Evolución

, por Martín Gaitán

Hasta los dieciseis, cuando había fideos en la mesa, mi mamá me ponía un repasador como babero y me picaba los spaghettis en trocitos pequeños, de manera que se pudieran comer con cuchara y el trayecto plato-boca de la comida fuese menos interrumpido por la gravedad.

A los diecisiete, fruto del esfuerzo didáctico de toda mi familia, aprendí a usar el tenedor. Significó el logro destacado por el que se brindó en la noche de año nuevo de 1999.

Pero esto no siempre fue así. Me refiero a la didáctica de mi familia, porque sí fué siempre así mi dificultad en la ingesta. Todos y cada uno, exceptuando quizás a mi papá, arguyeron una amenaza en forma de vaticinio. Decían que alguna vez, cuando tuviese novia, mis futuros suegros organizarían un almuerzo de presentación muy protocolar, y por justicia del destino me servirían spaghettis. Allí pagaría las consecuencias de mis malos hábitos.

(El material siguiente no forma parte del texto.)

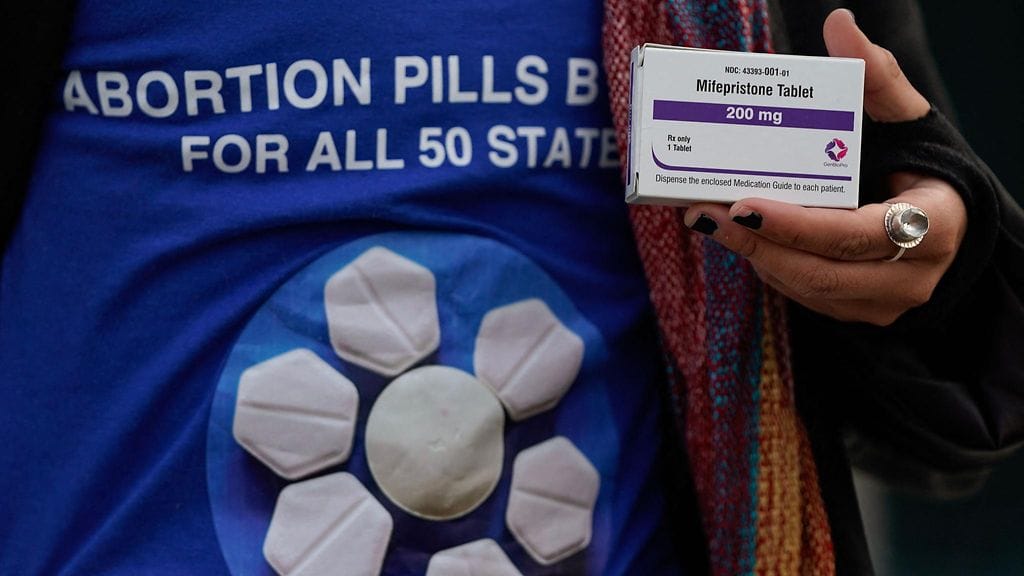 Vuonna 2000 Yhdysvaltain elintarvike- ja lääkevirasto FDA:n hyväksynnän saanutta mifepristoniksi kutsuttua pilleriä käytetään Reutersin mukaan yli 60 prosentissa Yhdysvaltojen aborteista.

Con la boca un poco llena, y limpiándome con el babero la frente, yo me defendía diciendo que la mujer que me amara sabría distinguir las cosas que verdaderamente importan... y además de decirme cuáles son, me enseñaría a comer bien.

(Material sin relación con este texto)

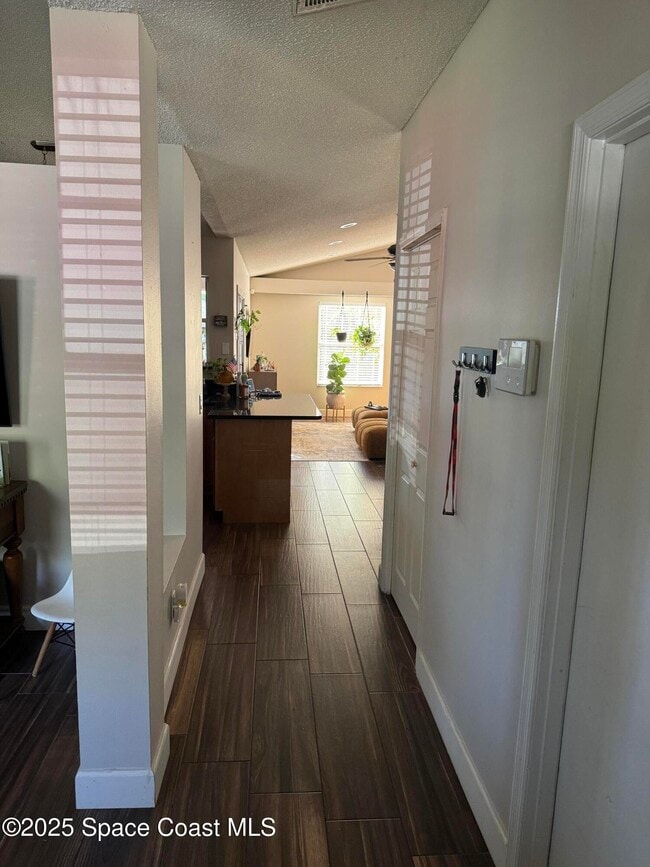 Foto del edificio - 2201 Appalachian Dr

Casi diez años después soy un homo sapiens sapiens instruído, poseedor pleno de la técnica para usar cubiertos (¡incluyendo el cuchillo!), aunque sigo prefiriendo todo tipo de alimentos en formato sandwich (¡incluyendo los spaghettis!). Abandoné el babero, no por falta de repasadores ni de la cercanía de mi mamá como argumentan algunos, sino porque ya no lo necesito. Además, superando toda expectativa, uso servilleta, y no por falta de mantel.

Pero hay más: también tengo novia. Es una mujer hermosa que sabe distinguir las cosas que verdaderamente importan. Me las dice. Y me las hace sentir.

Como ya no tiene que enseñarme a comer, me enseña a amar, más cada día, cada vez más. Ya aprendí a usar el cuerpo y el alma al mismo tiempo, y la gravedad no me afecta. Vuelo.